Lunz


•• Lunz + Jean-Jacques Perrey + Luke Vibert @ Royal Festival Hall, London, 15 March 2004
•• Published: Logo magazine (now defunct), March 2004

Do you have to experience pain to truly appreciate pleasure? Does the dark side serve to make life's lighter moments seem brighter and more enjoyable? Is it normal behaviour for pensioners to have full-blown conversations with toy elephants?

Well, philosophising aside, this was certainly an evening of contrasts. Forming part of the Royal Festival Hall's Ether season, a series of concerts and events aimed at blurring the ever flimsy boundaries between classical and electronic music, tonight's concert/lecture/live performance may not have caused the inevitable ticket scrum Kraftwerk's rare live appearance did, but still provided an interesting evening's entertainment nonetheless.

The night kicks off, or rather politely introduces itself, with some gentle ambience from ex-Krautrocker, Hans-Joachim Roedelius and US composer Tim Story. With Roedelius on piano, Story behind the keyboards and the accompaniment of a lone violinist, the music straddles the classical and electronic camps with ease. The problem with much ambient music has always been that it gets tarred with the 'incidental' brush and rightly so; bland, formless, self-indulgent sonic wallpaper is all too common within the genre. But to call Roedelius and Story's shockingly beautiful piano-led soundscapes background music would be akin to calling a gorgeous sunset 'background visuals'.

Their music, while relaxing and uplifting, has enough direction, momentum, quirks and surprises to keep the audience's ears open, rather than their eyelids shut. Playing material from their 'Lunz' collaboration, Roedelius and Story's sound is at times reminiscent of Brian Eno's 70's Ambient series or William Orbit's 'Pieces in a Modern Style', though lazy comparisons only serve to do these uniquely stirring and at times melancholic compositions a disservice. This isn't aural cardboard like ambient often can be, but bright, vivid, emotional music that while inspiring calm, also forces the crowd to sit up and take notice.

A good job too as this prevents a rude awakening from groundbreaking sonic pioneer, Jean-Jacques Perrey.

Perrey delivers humourous anecdotes and tells tales of his work with Edith Piaf and Walt Disney, managing to maintain interest in spite of the disorganised chaos that ensues as he and his assistant grapple with the CD player and aged reel-to-reel tape recorder when they attempt to play some of his much-sampled body of work. You get the feeling the unrehearsed air of madness that permeates the stage owes little to the Frenchman's 75 years and more to his general demeanour as he frequently talks to (and through) a dancing stuffed toy elephant and often communicates in sounds rather than words like some kind of psychedelic Rolf Harris. This is after all the man that, using primitive sampling techniques involving audio tape, a ruler and a razor blade, spent 72 hours producing 90 seconds of sound to re-record The Flight of the Bumblebee using the sound of real live bees.

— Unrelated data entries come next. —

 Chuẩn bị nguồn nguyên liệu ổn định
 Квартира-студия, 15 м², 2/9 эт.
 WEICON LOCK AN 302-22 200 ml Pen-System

While this moment of madness seems inspired, others he shares, such as Carmen Dogs (the music of the opera Carmen interspersed with the sound of dogs barking), paint him as the musical equivalent of his once close friend Salvador Dali; eccentric, indulgent and manic with odd flashes of creative brilliance. The airing of his best-known piece EVA helps remind us of the latter.

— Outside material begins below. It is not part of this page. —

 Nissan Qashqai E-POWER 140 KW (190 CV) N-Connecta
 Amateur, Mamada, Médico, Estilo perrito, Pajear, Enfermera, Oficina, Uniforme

Perrey's surreal and sometimes insane lecture sets us up nicely, or perhaps nastily, for Luke Vibert's audio onslaught. Starting with a screech and a squeal, Vibert forces his laptop to spew out raw streams of dark electronic mayhem, his performance relying on the kind of challenging discordance beloved of the Aphex Twin but minus the stunning moments of beauty Aphex often relieves the tension with.

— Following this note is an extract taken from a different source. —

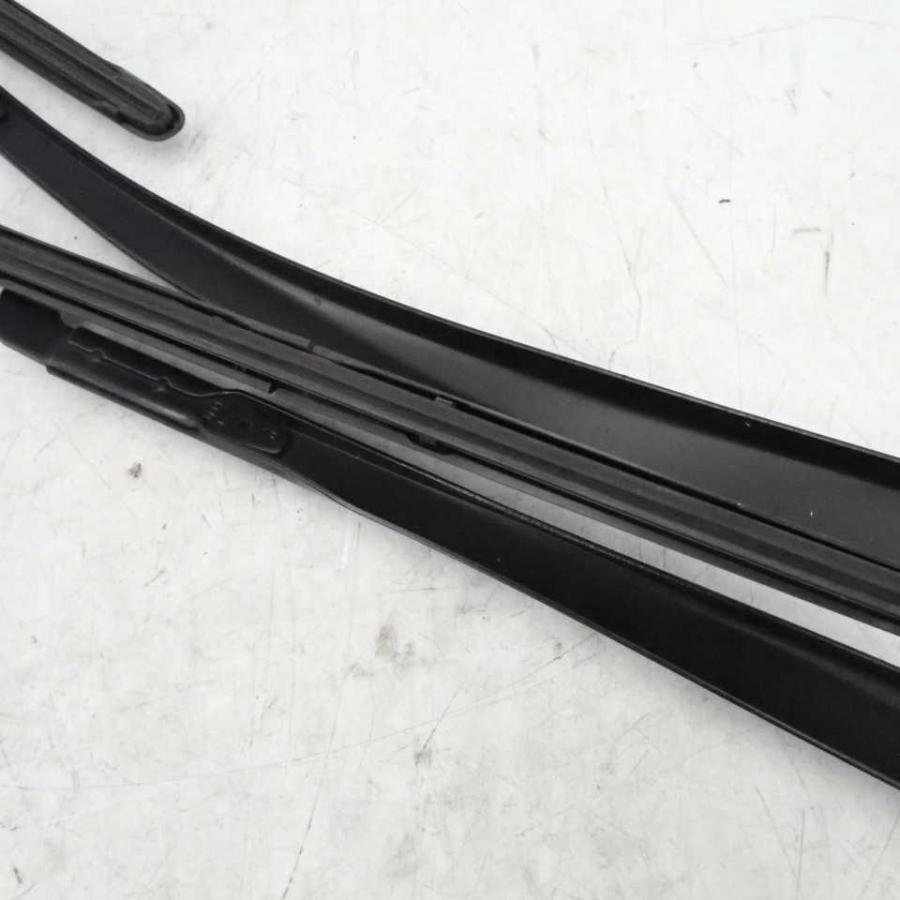 平成26年 プリウス ZVW30 後期 純正 フロント ワイパーアーム 左右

Vibert's interpretation of Perrey's work verges on complete self indulgence, purposefully crushing any semblance of a coherent tune or rhythm under another avalanche of clattering, crashing, head-splitting feedback. Clever? Perhaps. Listenable? Not particularly, no. This really is tuneless ear-bleed techno twaddle, making Intelligent Dance Music seem somewhat brainless and sending it straight to the back of the class. There is the odd flash of Perrey's humour but nothing of any true substance escapes Vibert's incoherent musical mangling.

The light at the end of the tunnel is provided by Jean-Jacques' return to the stage to perform a duet alongside his friend and fellow countryman. Perrey stands at his aging Moog and Vibert grins behind his laptop as the pair produce their own take of playground favourite Freres Jacques. It offers a little melody and humour to round the evening off but it seems Vibert's sense of melody was stolen backstage by the first act of the night.

Very much a night of darkness and light, pleasure and pain, genius and madness, beauty and the scratching, banging, scraping, musical beast. A unique experience to say the least.